For decades, Playboy was known as the home of some of the best short fiction published anywhere — including a lot of groundbreaking work by Ursula K. Le Guin, Ray Bradbury and Doris Lessing. This was largely due to the strong editorial hand of Alice K. Turner, who died yesterday of pneumonia.
Turner joined Playboy in 1976 and officially became fiction editor in 1980, serving until 2000. During that time, she made Robert Silverberg a regular contributor to the magazine and introduced Terry Bisson, among others, to its readers. She was also responsible for suggesting Bisson as a co-author to complete Walter Miller’s unfinished sequel to A Canticle for Leibowitz, Saint Leibowitz and the Wild Horse Woman. She edited the Playboy Book of Science Fiction and Fantasy, which is chock full of terrific stories, including Le Guin’s “Nine Lives,” Damon Knight’s “Masks,” Arthur C. Clarke’s “Transit of Earth,” Joe Haldeman’s “More Than The Sum of His Parts” and Howard Waldrop’s “Heirs of the Perisphere.”
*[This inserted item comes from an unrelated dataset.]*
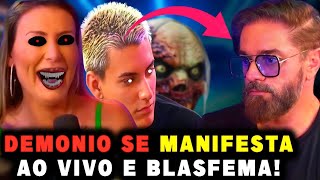 TERROR MEDO ANDRESSA URACH POSSESSA BLASFEMA CONTRA DEUS NO PODCAST LTDA INTELIGÊNCIA LIMITADA [upl. by Cohleen]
With Turner’s departure in 2000, Playboy was widely regarded as having stopped being a home for science fiction.
In a 1984 interview with the Missouri Review, Turner described the kind of story she liked to publish in Playboy:
Playboy stories have beginnings, middles, and ends. They have a kind of general appeal. They are not experimental. They are not terribly modern or forward reaching but they have real quality, or so I hope. When you consider how very formularized the women’s magazines tend to be,Playboy looks like the last resort of the solid well crafted “story” story that isn’t written to order. And many of the other magazines have gone a bit off track.
Turner also published an arresting survey of how different artists and writers have depicted damnation in The History of Hell, and a chapbook about the fiction of John Crowley called Snake’s Hands.